##### Record set #####

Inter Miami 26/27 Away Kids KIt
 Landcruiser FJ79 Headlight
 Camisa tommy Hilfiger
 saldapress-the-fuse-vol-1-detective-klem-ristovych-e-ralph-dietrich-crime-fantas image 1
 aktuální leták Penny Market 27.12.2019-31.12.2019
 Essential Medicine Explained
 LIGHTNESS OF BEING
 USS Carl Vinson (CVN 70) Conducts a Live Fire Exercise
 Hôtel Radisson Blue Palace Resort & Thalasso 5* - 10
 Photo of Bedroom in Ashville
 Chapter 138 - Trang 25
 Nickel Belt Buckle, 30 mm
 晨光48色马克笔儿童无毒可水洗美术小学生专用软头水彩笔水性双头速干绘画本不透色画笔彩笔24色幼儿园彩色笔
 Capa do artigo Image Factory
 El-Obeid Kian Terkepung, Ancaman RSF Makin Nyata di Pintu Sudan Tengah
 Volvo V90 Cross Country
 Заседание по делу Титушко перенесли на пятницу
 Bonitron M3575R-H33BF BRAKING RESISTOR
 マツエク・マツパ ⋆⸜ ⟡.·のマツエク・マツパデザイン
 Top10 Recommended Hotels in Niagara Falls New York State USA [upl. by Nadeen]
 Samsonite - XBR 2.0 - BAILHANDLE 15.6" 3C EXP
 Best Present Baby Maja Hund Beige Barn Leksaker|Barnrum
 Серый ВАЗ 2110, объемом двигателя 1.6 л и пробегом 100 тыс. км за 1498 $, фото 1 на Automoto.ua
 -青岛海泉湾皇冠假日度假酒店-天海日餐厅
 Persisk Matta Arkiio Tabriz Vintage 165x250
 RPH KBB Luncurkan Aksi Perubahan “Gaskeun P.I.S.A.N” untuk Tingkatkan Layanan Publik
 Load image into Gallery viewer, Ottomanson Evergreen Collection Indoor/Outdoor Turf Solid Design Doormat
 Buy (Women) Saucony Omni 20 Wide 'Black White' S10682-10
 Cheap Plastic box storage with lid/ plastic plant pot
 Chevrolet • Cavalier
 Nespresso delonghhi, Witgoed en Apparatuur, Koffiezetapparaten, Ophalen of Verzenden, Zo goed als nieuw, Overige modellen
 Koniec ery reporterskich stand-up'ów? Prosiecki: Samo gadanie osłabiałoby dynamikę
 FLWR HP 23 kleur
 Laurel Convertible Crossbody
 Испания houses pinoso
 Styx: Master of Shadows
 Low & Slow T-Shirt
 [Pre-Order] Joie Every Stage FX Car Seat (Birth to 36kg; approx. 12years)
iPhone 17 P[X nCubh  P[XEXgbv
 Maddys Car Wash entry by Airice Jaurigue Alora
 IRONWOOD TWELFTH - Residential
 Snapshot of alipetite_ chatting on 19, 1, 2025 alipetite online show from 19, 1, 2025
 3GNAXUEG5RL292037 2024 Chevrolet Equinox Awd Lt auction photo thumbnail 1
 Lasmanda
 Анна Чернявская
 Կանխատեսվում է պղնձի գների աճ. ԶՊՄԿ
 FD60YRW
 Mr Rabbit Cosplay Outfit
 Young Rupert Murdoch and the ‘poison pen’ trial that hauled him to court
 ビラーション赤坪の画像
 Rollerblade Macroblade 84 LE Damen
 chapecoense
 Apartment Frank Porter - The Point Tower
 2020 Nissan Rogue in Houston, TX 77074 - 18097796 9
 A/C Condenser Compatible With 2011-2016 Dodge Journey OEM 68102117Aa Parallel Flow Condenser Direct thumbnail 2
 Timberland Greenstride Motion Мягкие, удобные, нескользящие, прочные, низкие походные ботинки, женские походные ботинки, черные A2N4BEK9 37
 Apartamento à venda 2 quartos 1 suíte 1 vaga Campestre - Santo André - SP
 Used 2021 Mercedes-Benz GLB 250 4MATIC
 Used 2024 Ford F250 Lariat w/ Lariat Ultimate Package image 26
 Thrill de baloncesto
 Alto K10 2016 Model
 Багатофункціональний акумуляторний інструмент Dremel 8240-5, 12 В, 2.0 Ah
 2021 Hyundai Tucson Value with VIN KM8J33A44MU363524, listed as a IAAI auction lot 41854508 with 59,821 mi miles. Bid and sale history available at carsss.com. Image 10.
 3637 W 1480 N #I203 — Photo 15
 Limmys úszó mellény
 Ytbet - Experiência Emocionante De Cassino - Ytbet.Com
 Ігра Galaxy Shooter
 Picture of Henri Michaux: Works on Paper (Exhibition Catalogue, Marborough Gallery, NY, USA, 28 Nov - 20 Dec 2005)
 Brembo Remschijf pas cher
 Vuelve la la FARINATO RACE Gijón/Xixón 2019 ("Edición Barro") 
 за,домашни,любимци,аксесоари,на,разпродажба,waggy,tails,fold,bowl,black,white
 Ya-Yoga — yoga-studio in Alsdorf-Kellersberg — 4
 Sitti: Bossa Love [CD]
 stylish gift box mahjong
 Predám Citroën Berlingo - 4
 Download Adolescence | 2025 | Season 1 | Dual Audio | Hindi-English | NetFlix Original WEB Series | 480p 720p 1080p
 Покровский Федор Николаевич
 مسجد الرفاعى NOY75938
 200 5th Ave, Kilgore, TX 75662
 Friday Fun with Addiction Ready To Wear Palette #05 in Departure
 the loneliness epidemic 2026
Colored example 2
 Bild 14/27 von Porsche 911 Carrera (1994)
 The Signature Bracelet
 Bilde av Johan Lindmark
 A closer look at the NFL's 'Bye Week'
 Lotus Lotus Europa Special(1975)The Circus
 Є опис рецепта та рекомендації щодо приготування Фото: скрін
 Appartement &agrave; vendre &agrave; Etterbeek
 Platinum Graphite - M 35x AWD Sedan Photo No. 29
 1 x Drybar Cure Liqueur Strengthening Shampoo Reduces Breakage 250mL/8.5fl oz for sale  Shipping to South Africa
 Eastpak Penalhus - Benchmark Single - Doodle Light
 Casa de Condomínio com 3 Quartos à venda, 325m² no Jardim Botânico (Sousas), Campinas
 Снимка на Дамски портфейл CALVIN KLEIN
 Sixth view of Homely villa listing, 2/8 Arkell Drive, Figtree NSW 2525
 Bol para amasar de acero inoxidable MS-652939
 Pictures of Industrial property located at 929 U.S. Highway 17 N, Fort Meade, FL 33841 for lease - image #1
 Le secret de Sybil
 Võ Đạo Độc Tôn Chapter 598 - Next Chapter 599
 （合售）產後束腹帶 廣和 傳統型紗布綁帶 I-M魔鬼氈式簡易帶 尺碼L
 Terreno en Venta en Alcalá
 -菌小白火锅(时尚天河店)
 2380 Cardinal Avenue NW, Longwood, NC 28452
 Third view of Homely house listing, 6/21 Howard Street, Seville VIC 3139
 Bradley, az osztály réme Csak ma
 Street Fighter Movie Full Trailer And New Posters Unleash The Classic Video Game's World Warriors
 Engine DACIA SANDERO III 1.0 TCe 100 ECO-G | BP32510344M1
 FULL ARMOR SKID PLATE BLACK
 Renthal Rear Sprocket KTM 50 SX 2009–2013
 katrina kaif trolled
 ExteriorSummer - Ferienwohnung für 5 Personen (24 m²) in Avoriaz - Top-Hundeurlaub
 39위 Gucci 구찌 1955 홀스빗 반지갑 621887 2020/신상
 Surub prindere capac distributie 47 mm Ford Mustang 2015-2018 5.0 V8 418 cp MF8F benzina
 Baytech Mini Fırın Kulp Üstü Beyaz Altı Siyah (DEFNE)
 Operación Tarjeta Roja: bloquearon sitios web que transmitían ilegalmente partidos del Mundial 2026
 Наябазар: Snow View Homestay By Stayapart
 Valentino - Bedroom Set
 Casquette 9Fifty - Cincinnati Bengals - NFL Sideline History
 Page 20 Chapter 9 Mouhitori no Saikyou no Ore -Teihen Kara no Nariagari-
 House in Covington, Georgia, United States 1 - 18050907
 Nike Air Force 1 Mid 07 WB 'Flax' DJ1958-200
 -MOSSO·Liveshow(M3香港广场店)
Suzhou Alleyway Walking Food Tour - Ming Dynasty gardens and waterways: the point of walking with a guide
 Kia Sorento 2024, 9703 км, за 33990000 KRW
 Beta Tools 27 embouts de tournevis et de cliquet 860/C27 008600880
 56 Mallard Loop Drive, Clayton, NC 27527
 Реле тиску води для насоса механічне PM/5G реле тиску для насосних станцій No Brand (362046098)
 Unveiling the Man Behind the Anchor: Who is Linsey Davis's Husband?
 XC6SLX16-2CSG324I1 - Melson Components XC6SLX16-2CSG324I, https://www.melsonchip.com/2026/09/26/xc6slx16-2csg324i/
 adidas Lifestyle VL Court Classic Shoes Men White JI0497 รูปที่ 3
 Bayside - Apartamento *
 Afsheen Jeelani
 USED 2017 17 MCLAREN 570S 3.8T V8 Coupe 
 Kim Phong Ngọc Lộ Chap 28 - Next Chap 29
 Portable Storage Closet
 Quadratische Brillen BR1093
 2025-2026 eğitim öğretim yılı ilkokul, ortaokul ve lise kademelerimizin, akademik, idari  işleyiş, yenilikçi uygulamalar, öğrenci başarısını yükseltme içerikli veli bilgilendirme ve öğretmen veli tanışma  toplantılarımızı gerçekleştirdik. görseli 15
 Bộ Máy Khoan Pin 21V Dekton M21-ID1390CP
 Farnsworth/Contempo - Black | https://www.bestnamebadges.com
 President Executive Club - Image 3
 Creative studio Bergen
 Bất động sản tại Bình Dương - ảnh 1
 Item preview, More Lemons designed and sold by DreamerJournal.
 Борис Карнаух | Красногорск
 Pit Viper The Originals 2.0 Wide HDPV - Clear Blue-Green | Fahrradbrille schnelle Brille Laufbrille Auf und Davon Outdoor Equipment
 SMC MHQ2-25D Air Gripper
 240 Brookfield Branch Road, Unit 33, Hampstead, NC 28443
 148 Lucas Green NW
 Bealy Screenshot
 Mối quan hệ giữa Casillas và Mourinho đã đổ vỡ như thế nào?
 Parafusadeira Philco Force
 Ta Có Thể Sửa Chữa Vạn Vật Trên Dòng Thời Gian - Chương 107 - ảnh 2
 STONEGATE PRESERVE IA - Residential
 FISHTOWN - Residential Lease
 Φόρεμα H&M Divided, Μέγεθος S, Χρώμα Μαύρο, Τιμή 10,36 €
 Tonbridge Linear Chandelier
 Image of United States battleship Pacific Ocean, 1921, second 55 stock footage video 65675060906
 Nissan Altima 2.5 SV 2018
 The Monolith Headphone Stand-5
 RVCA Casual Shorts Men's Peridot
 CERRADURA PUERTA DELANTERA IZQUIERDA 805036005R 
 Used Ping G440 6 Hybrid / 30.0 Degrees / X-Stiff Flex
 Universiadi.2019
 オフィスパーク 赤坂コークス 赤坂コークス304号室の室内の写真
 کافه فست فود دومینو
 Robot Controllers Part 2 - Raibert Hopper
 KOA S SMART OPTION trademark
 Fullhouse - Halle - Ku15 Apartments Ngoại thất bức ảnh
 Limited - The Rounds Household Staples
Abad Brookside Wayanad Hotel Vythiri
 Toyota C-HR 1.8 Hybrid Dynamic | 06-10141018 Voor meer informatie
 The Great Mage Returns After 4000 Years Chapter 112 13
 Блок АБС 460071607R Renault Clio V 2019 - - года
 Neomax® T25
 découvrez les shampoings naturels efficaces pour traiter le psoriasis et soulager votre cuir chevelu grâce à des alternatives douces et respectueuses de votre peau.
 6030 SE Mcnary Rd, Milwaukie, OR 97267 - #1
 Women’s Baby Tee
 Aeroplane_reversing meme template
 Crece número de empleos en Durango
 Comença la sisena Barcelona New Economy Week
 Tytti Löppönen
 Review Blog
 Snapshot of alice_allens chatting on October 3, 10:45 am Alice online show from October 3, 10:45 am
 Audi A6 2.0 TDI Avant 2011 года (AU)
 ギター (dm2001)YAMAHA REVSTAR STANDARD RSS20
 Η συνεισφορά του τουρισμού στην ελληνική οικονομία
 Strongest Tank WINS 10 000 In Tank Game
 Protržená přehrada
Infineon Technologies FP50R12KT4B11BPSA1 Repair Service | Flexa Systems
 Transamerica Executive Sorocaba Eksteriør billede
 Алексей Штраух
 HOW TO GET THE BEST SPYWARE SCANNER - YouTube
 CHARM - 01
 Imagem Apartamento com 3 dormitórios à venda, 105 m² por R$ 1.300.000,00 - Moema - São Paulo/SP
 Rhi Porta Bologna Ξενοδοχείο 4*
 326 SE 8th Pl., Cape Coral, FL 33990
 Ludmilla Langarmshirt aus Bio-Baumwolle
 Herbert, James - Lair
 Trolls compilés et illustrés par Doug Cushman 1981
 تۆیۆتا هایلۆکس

#####

**Instructions for the task:** An exact, line-for-line copy is required: from the line containing "Transamerica Executive Sorocaba" through the final line of the listing above, both included, with nothing else.

**Result for this exercise:**
 Transamerica Executive Sorocaba Eksteriør billede
 Алексей Штраух
 HOW TO GET THE BEST SPYWARE SCANNER - YouTube
 CHARM - 01
 Imagem Apartamento com 3 dormitórios à venda, 105 m² por R$ 1.300.000,00 - Moema - São Paulo/SP
 Rhi Porta Bologna Ξενοδοχείο 4*
 326 SE 8th Pl., Cape Coral, FL 33990
 Ludmilla Langarmshirt aus Bio-Baumwolle
 Herbert, James - Lair
 Trolls compilés et illustrés par Doug Cushman 1981
 تۆیۆتا هایلۆکس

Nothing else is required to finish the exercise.